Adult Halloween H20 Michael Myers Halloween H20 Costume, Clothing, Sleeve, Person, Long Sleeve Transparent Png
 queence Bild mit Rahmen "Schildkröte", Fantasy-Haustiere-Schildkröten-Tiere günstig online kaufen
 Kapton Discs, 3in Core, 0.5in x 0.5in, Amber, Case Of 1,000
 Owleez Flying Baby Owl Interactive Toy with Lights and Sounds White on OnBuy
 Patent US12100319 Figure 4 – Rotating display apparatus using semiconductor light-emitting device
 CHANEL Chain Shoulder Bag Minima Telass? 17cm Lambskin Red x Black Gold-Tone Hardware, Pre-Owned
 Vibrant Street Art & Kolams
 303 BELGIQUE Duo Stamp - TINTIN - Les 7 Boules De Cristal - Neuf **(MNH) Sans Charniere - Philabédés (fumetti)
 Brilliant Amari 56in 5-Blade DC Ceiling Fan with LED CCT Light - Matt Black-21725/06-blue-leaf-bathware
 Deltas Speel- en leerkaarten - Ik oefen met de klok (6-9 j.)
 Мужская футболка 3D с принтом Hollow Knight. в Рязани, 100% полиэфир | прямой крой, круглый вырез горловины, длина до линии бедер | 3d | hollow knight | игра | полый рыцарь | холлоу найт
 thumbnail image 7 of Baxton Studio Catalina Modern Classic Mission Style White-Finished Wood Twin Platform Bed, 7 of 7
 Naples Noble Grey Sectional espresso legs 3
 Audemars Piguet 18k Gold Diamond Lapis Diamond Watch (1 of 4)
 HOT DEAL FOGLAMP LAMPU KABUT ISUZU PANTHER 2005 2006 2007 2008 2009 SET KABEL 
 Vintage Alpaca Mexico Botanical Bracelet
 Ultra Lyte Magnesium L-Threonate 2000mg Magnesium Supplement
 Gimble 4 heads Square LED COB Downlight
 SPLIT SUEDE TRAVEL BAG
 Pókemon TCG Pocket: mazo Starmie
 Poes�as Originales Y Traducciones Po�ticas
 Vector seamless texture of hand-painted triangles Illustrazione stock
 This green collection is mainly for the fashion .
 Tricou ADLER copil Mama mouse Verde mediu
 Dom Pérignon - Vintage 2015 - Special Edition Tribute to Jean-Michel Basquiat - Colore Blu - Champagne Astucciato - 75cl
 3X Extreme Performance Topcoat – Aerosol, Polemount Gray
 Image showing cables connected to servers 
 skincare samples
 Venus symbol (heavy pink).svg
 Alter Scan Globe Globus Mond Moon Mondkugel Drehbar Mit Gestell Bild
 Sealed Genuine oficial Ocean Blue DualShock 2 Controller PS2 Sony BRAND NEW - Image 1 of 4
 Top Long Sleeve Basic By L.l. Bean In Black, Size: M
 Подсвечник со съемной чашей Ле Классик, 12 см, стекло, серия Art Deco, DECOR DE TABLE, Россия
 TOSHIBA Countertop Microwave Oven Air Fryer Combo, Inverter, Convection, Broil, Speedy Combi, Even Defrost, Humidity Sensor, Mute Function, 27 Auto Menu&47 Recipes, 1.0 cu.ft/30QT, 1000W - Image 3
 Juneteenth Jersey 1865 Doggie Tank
- - - - - - -
Extract exactly and only the lines above from the line containing "Мужская футболка 3D" through the line containing "Poes�as Originales Y Traducciones Po�ticas", both end lines included.

 Мужская футболка 3D с принтом Hollow Knight. в Рязани, 100% полиэфир | прямой крой, круглый вырез горловины, длина до линии бедер | 3d | hollow knight | игра | полый рыцарь | холлоу найт
 thumbnail image 7 of Baxton Studio Catalina Modern Classic Mission Style White-Finished Wood Twin Platform Bed, 7 of 7
 Naples Noble Grey Sectional espresso legs 3
 Audemars Piguet 18k Gold Diamond Lapis Diamond Watch (1 of 4)
 HOT DEAL FOGLAMP LAMPU KABUT ISUZU PANTHER 2005 2006 2007 2008 2009 SET KABEL 
 Vintage Alpaca Mexico Botanical Bracelet
 Ultra Lyte Magnesium L-Threonate 2000mg Magnesium Supplement
 Gimble 4 heads Square LED COB Downlight
 SPLIT SUEDE TRAVEL BAG
 Pókemon TCG Pocket: mazo Starmie
 Poes�as Originales Y Traducciones Po�ticas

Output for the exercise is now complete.